- _PROBLEM STATEMENT_
Please set down only the lines below starting with the line with "HovSiyla Running Shirts" and going on through the line with "Large component LRC circuit schematic", verbatim and without pictures.

(Captioned web images)
==*==

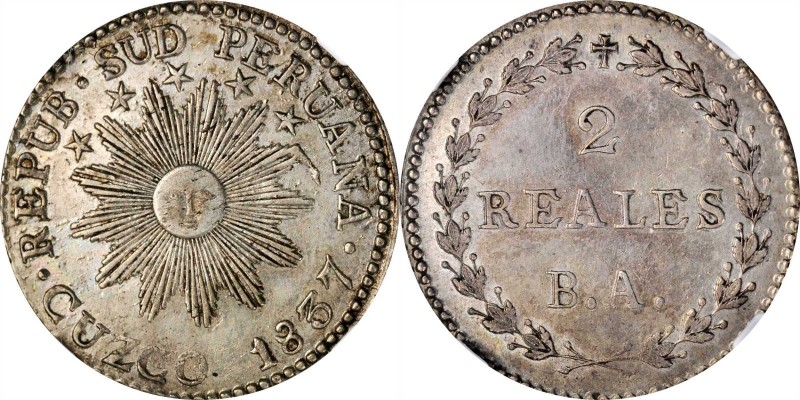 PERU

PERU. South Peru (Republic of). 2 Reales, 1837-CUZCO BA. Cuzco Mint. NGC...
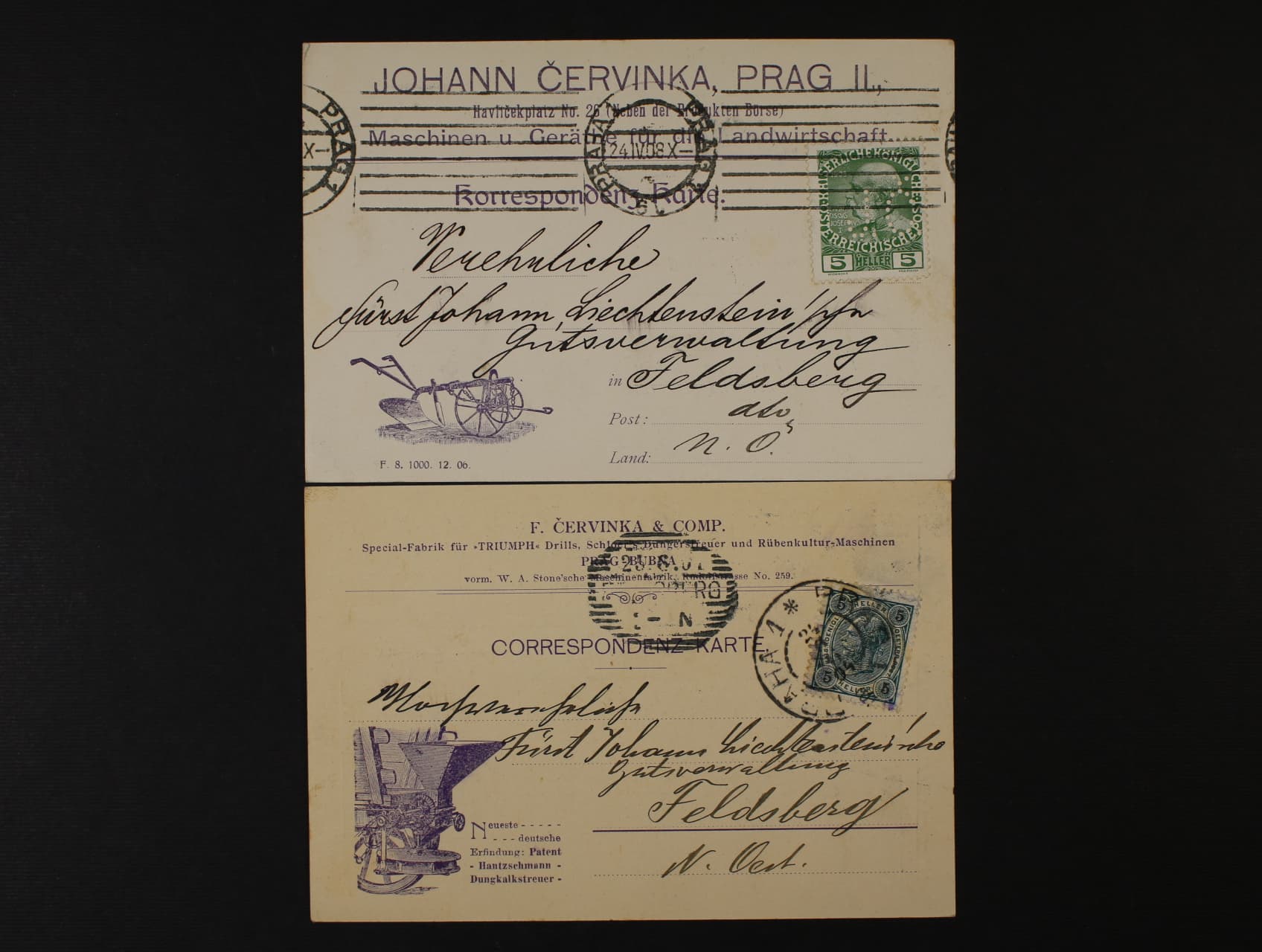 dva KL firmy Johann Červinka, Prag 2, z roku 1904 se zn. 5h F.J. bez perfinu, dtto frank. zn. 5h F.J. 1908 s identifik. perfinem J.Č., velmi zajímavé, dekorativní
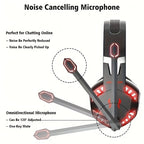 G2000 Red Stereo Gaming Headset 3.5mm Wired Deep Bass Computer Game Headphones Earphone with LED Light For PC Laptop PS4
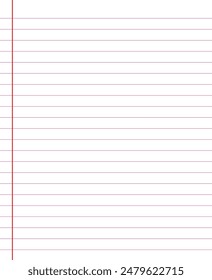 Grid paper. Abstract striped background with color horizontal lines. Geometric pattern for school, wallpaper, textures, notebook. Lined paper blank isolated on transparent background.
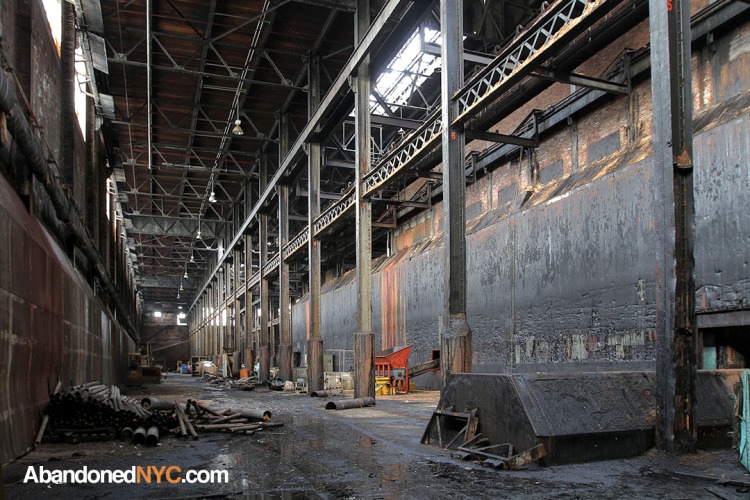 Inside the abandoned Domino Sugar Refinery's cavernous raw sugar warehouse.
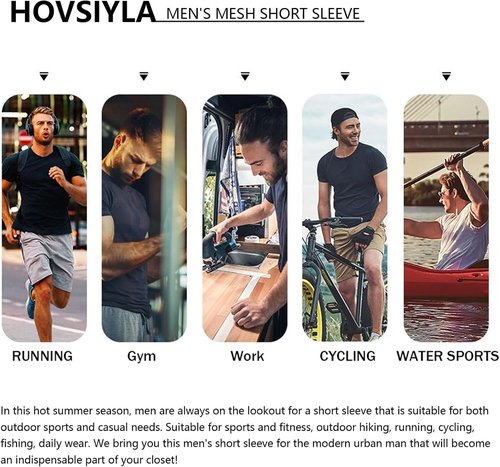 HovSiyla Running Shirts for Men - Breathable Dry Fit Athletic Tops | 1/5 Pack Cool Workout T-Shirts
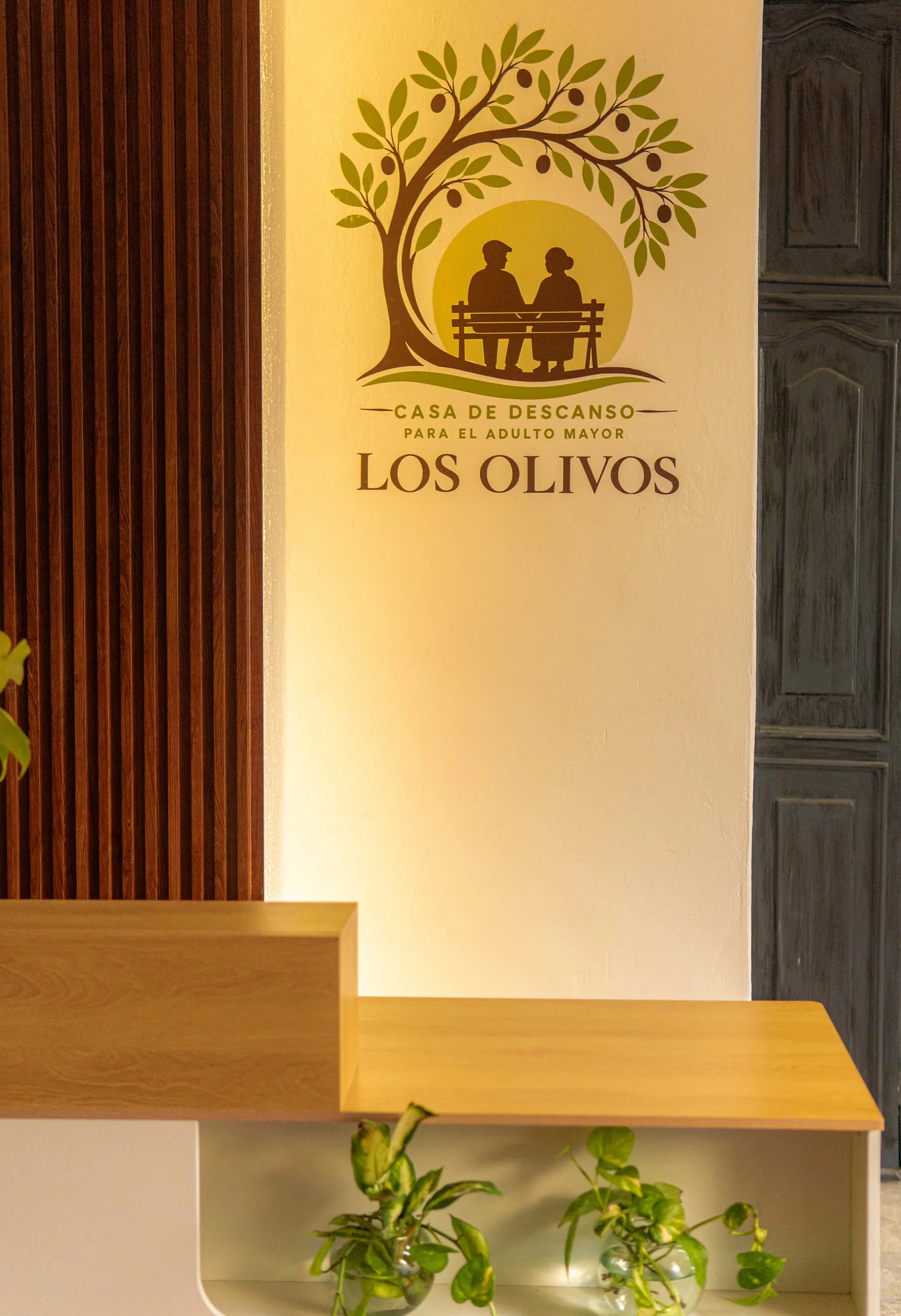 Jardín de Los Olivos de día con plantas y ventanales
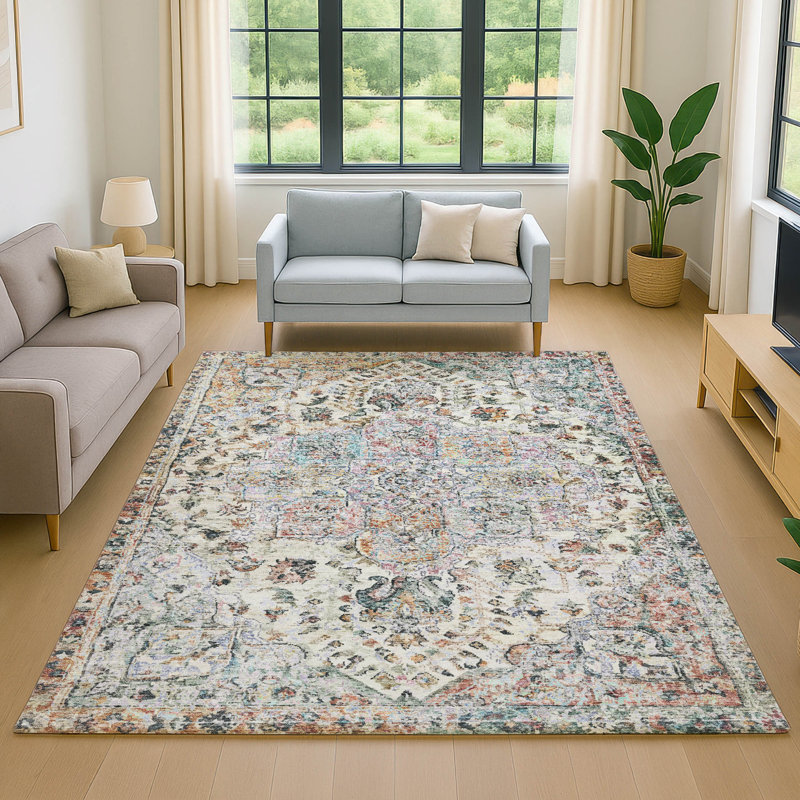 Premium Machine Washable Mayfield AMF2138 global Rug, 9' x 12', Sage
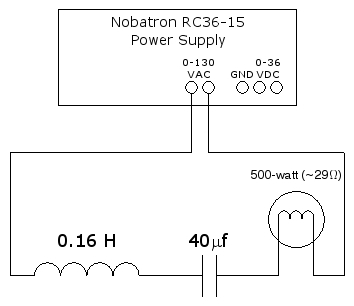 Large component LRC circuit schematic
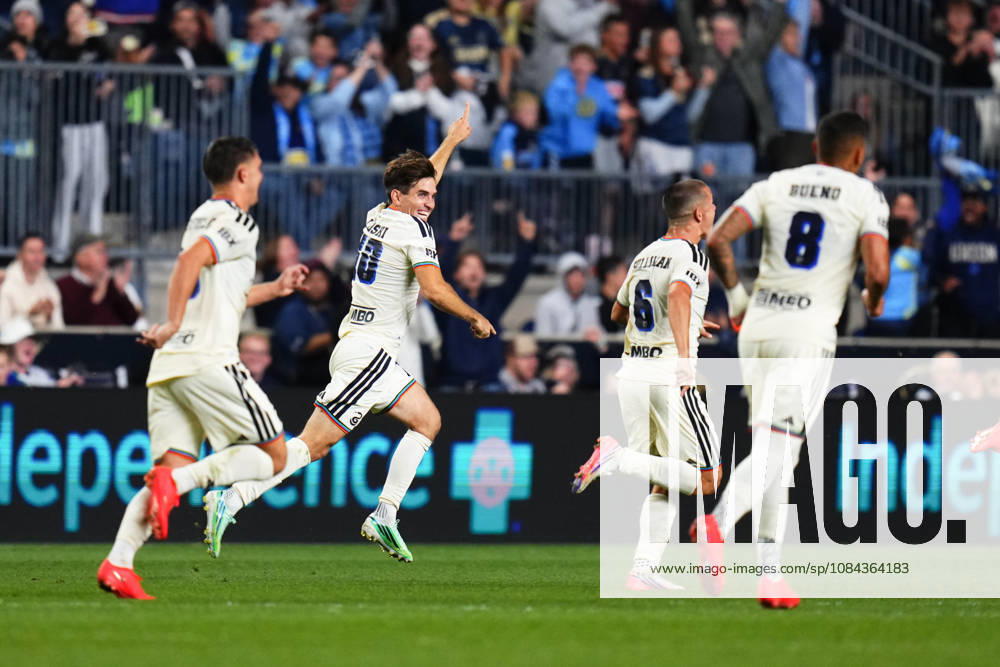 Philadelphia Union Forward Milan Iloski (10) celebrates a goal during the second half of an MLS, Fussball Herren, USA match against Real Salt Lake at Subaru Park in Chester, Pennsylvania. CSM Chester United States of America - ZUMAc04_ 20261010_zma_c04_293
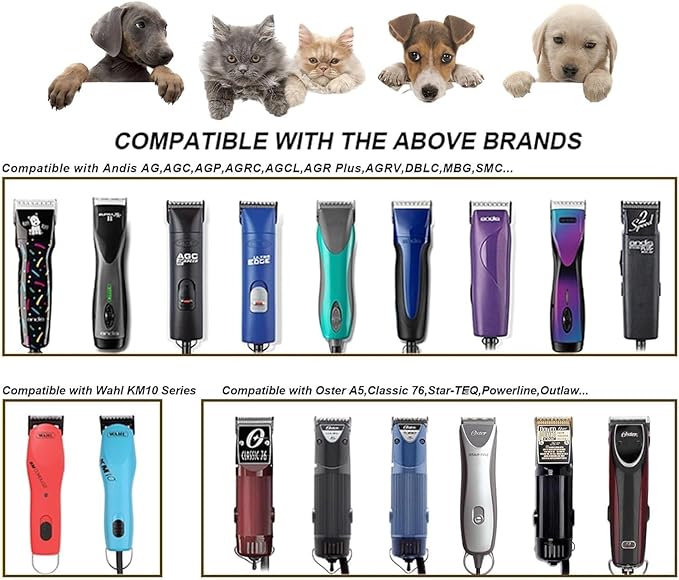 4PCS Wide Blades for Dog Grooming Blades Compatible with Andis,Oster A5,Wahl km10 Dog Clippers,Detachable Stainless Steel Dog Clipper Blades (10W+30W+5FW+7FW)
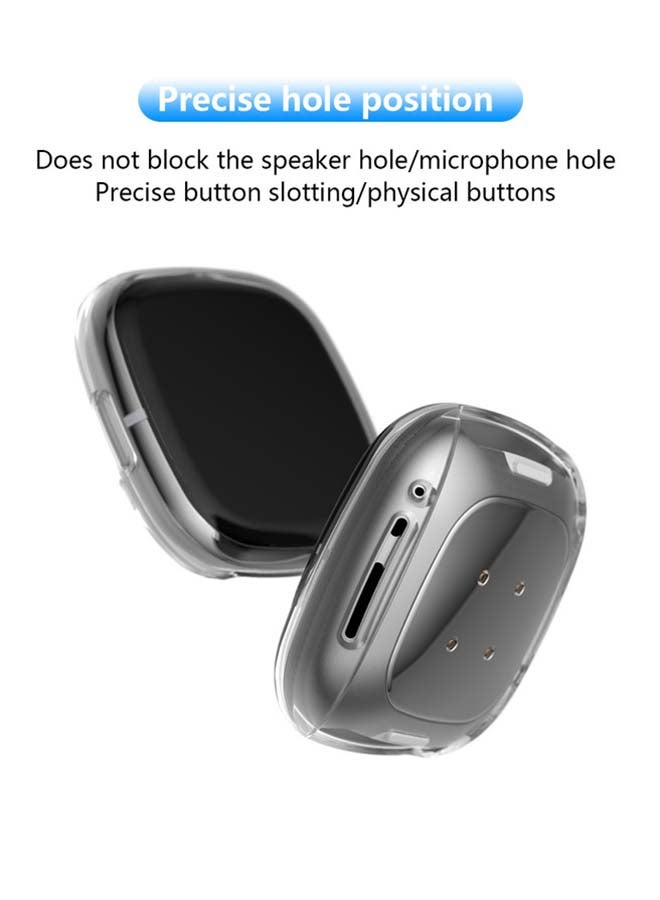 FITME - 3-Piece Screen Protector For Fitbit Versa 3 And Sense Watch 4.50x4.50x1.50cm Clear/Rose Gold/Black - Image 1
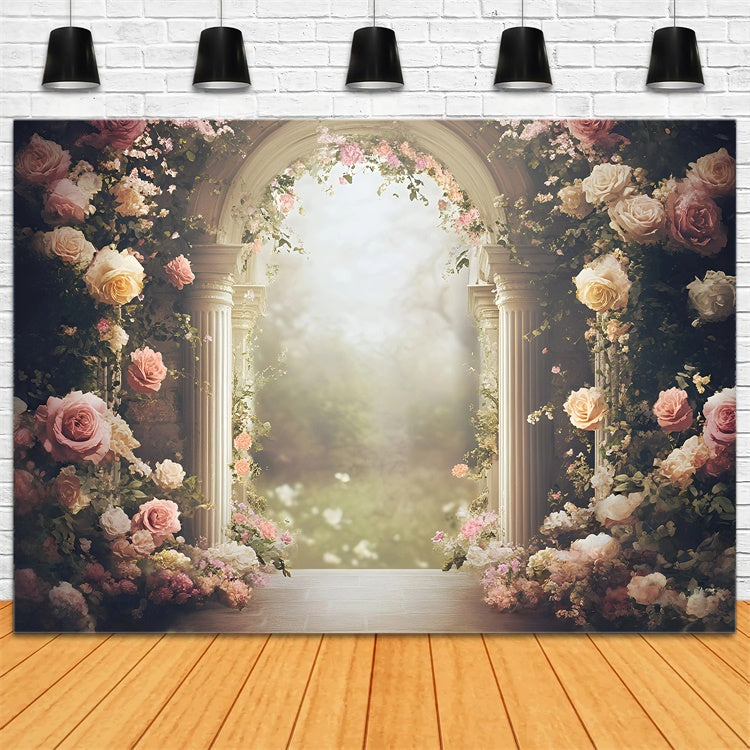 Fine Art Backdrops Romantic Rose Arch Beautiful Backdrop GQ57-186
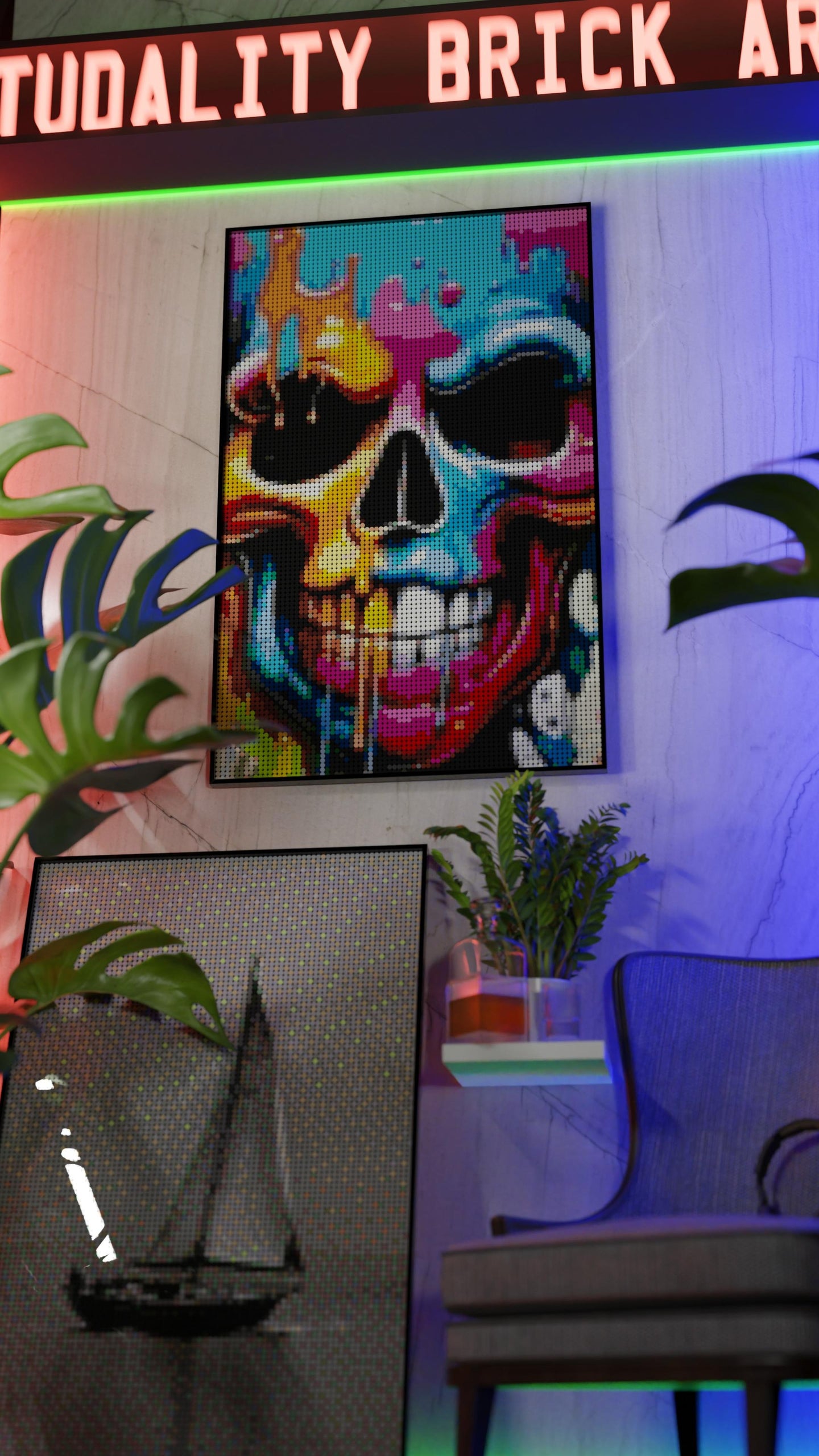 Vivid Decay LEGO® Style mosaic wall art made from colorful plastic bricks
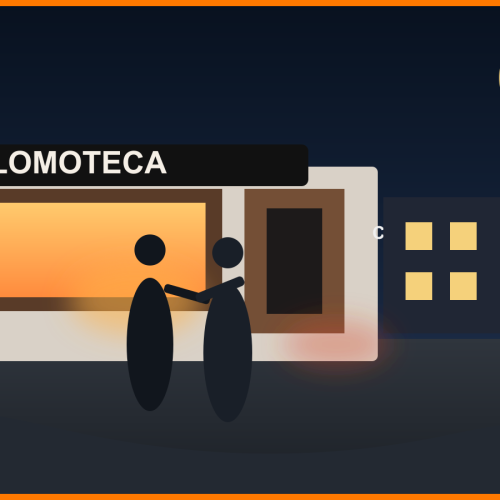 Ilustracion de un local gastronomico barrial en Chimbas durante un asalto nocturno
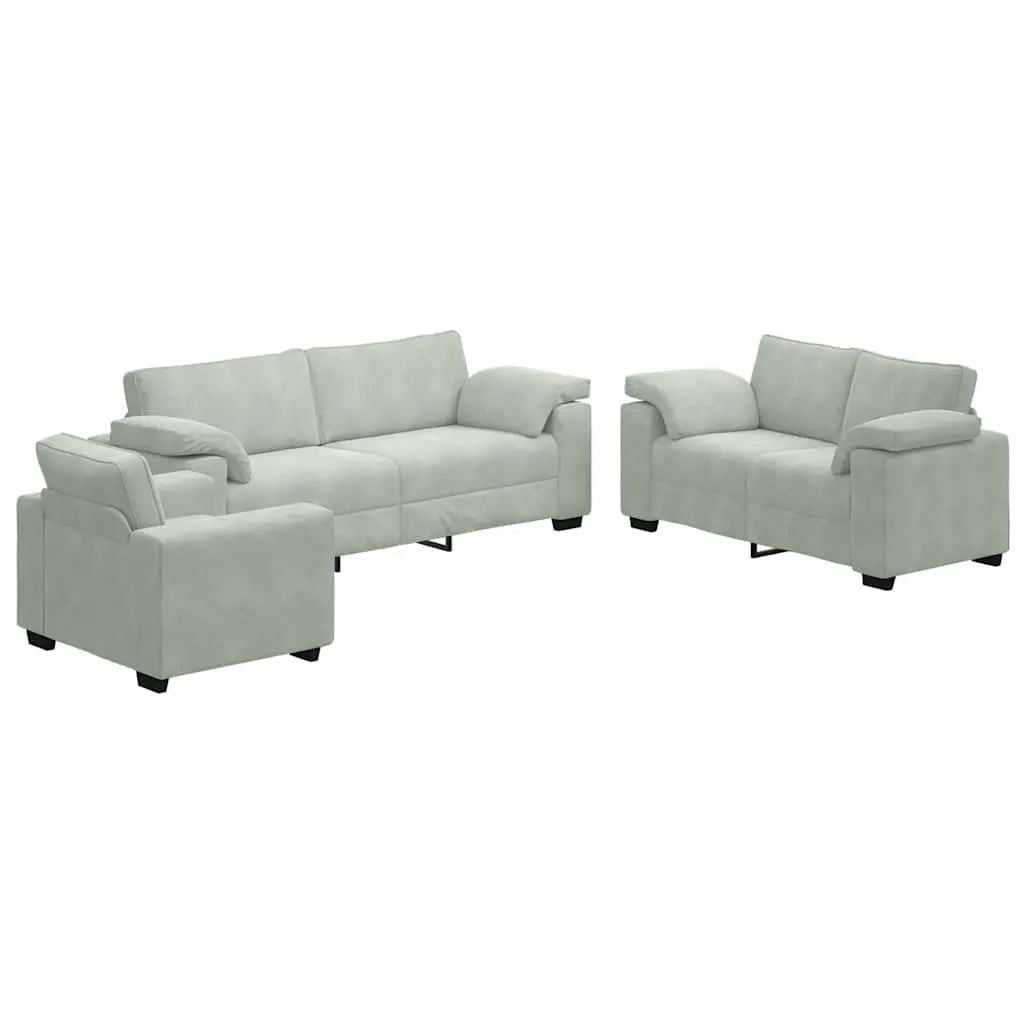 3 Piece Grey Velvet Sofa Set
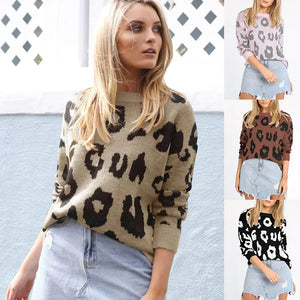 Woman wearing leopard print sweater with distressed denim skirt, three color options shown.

==*==

- _TASK RESULT_
 HovSiyla Running Shirts for Men - Breathable Dry Fit Athletic Tops | 1/5 Pack Cool Workout T-Shirts
 Jardín de Los Olivos de día con plantas y ventanales
 Premium Machine Washable Mayfield AMF2138 global Rug, 9' x 12', Sage
 Large component LRC circuit schematic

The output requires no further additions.